* **EXERCISE DIRECTIONS**: The answer must be every entry below, word for word, with the pictures left out.

* **INPUT RECORDS**:
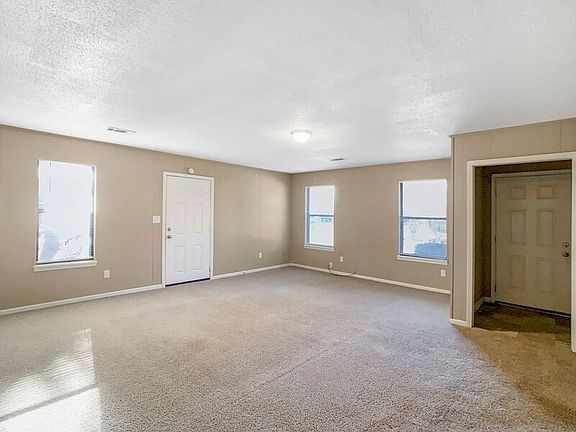 4th image of 2123 Carriage Ln E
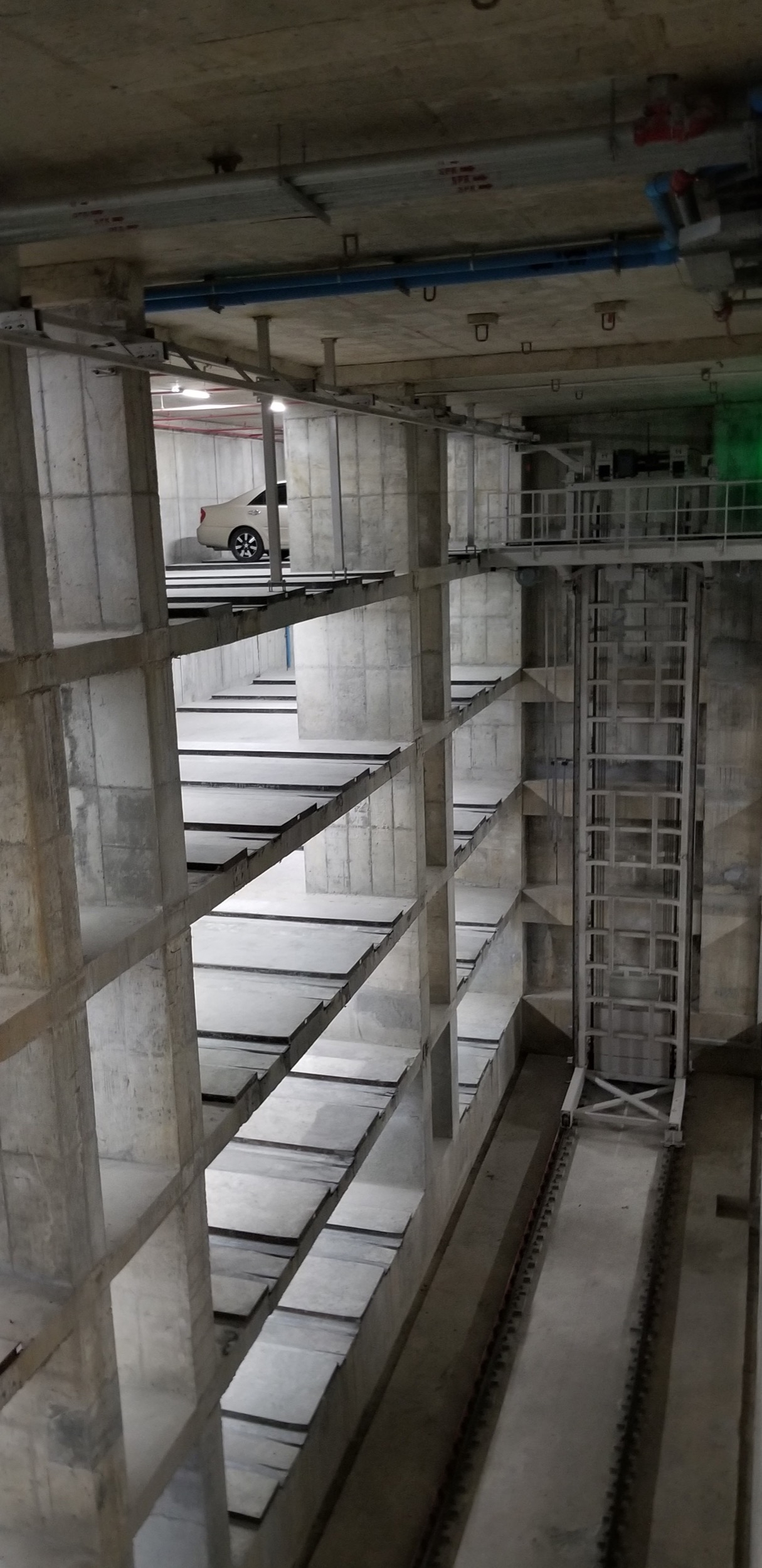 Robotic Parking System in Mixed-Use Building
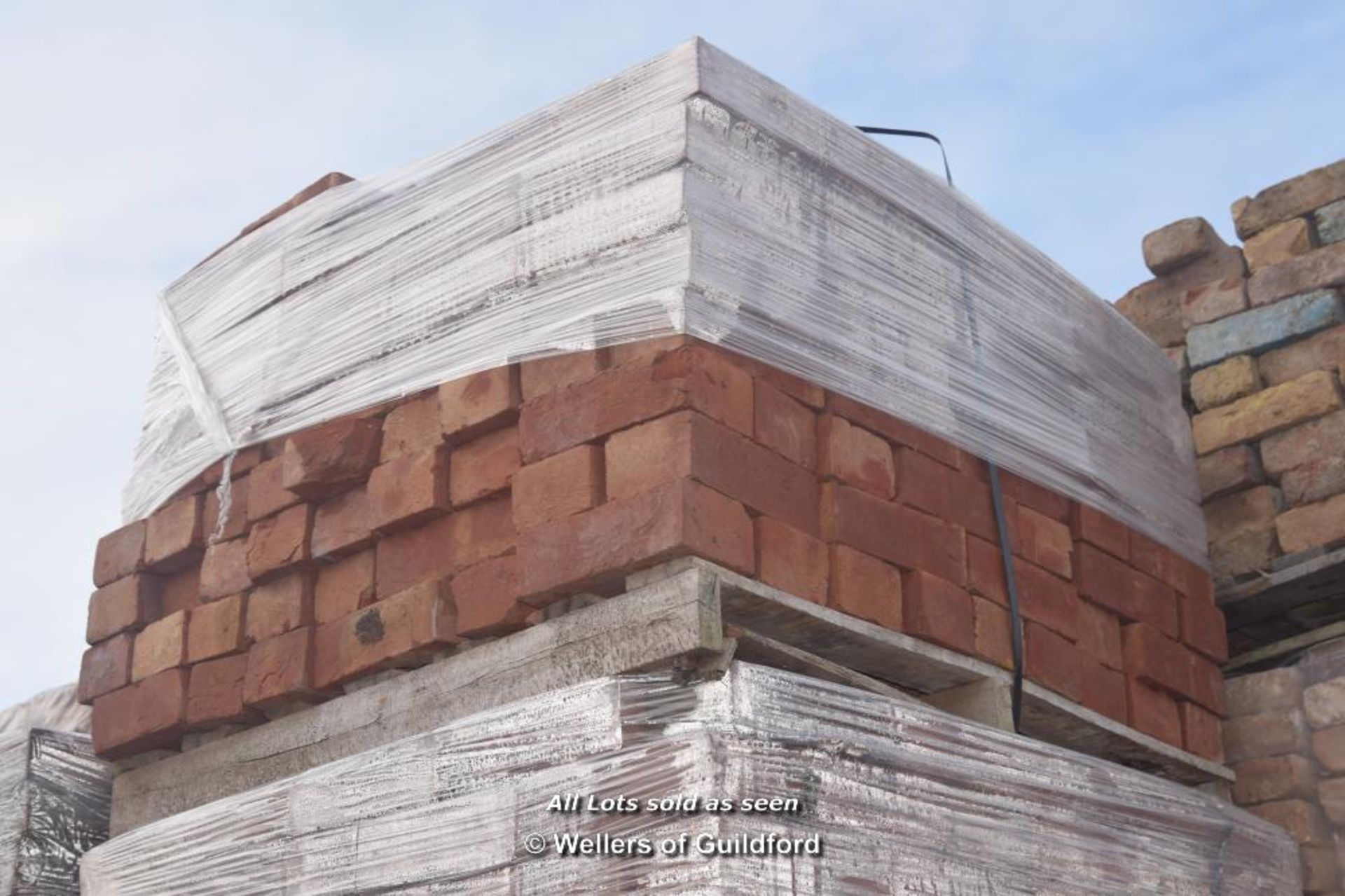 *PALLET OF APPROX FOUR HUNDRED RED STOCK BRICKS, 9" X 2 3/4"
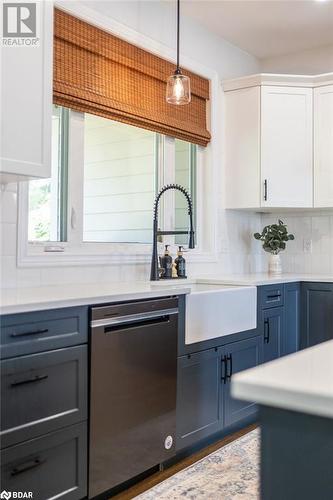 190 Lakeshore Road, Brighton, ON - Indoor Photo Showing Kitchen With Upgraded Kitchen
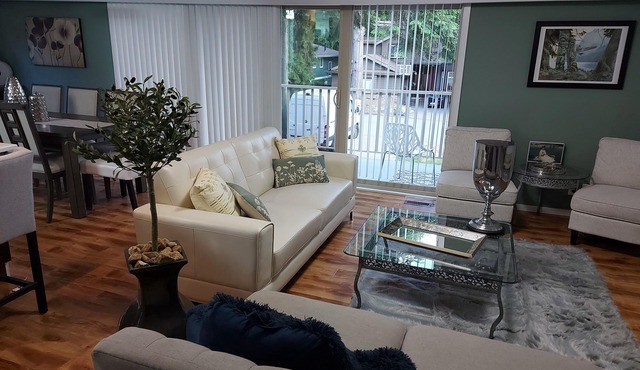 NorthVAN Nature Living Home, 5min to town, beach, suspension bridge, river ,hike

* **SOLUTION FOR THIS EXERCISE**:
 4th image of 2123 Carriage Ln E
 Robotic Parking System in Mixed-Use Building
 *PALLET OF APPROX FOUR HUNDRED RED STOCK BRICKS, 9" X 2 3/4"
 190 Lakeshore Road, Brighton, ON - Indoor Photo Showing Kitchen With Upgraded Kitchen
 NorthVAN Nature Living Home, 5min to town, beach, suspension bridge, river ,hike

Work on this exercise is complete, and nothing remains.